RFC: Organising .inline.hpp and .hpp includes
David Holmes
david.holmes at oracle.com
Thu Aug 11 07:31:46 UTC 2016
I'm trying to tackle the incorrect inclusion of .hpp files instead of
.inline.hpp starting with the use of atomic.inline.hpp ref:
https://bugs.openjdk.java.net/browse/JDK-8157907
The basic rules would seem to be:
If class Foo has inline methods that need to call the inline Atomic
methods then:
- Those methods should be defined in foo.inline.hpp
inline void Foo::a() { /* do stuff with atomics */ }
- foo.hpp declares those methods:
inline void a();
- foo.inline.hpp includes foo.hpp
- foo.inline.hpp includes atomic.inline.hpp
- foo.cpp includes foo.inline.hpp
Do have agreement so far?
Now suppose we have class Bar which uses Foo.

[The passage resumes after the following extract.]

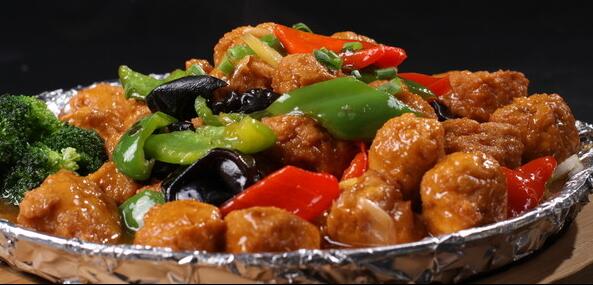 豆腐創(chuàng)意菜肉片口袋豆腐怎么做？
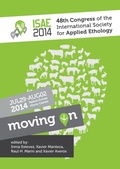 Cover: Proceedings of the 48th Congress of the International Society for Applied Ethology - Wageningen Academic Publishers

- bar.cpp should include foo.inline.hpp
- If bar.hpp only references Foo but doesn't need to see a full
definition then bar.hpp can forward declare Foo
- If bar.hpp defines inline methods that require full access to Foo then
either:
a) bar.hpp includes foo.inline.hpp; or
b) The inline functions of Bar are themselves moved to bar.inline.hpp
which includes foo.inline.hpp
I think there was general opinion that (a) is undesirable, and that (b)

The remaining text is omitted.